Despite his experience as a performer, Simon is best known as an educator. During his teacher-training he was fortunate to be tutored by Janet Ritterman (until recently the principal of the Royal College of Music) at that time, Head of the Music Education Department at Goldsmiths College. A succession of Tuesday afternoon workshops required him to teach songs non-verbally, i.e. without any verbal explanation or notation. This introduction to hemispherical function of the brain, educational psychology and the realization that lesson planning and evaluation was not only necessary in order to achieve trouble-free lessons but also was a form of creative problem-solving, convinced him of a joint vocation as musician and teacher.
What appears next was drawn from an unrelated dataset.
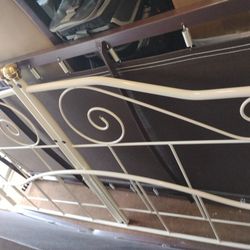 Metal Trundle Twin Bed With Matresses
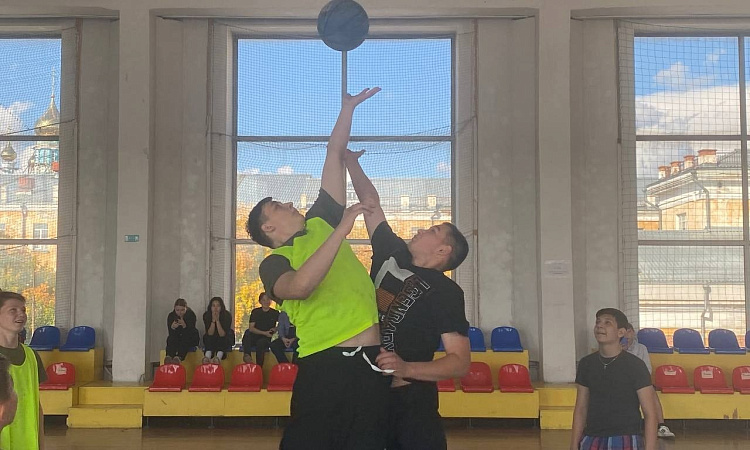 Соревнования по баскетболу продолжают спартакиаду "БАМ - Будущее Активной Молодежи!» в УУКЖТ ИрГУПС.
Fascinated by how music students learn (and jazz musicians in particular), Simon has continued to draw on his early experiences as a school teacher, over the years accumulating a mass of materials and informal research as a result of reflection, systematic recording, planning and evaluation of lessons, consequently forming a number of templates for diagnosis and interpretation of educational phenomena. Simon’s educational research was published in 2001 (Staff Development through Creative Co-Mentoring Partnerships), 2003 (Musical Patchwork: Teacher Research Within a Conservatoire), and 2005 (Teacher Research Within a Conservatoire – a condensed version of the former, published by Ashgate).

Simon has taught and mentored several generations of Britain’s finest jazz musicians. Between 1987 and 2005, he was professor of jazz piano and improvisation at the Guildhall School of Music & Drama and was appointed Head of Jazz at Trinity College of Music in September 2005, meanwhile, co-directing the Glamorgan Jazz Summer School (formerly the Barry Summer School). In between times he has acted as a consultant to Birmingham Conservatoire, been educational director of the National Jazz Youth jazz Orchestra of Scotland and in 2006, received the award for Jazz Educationalist of the Year from the Parliamentary Jazz Committee. Purcell joined the Executive of the National Youth Jazz Orchestra in September 2009, mainly to advise on behalf of the Music Higher Education Sector and to establish the NYJO Musical Policy Committee.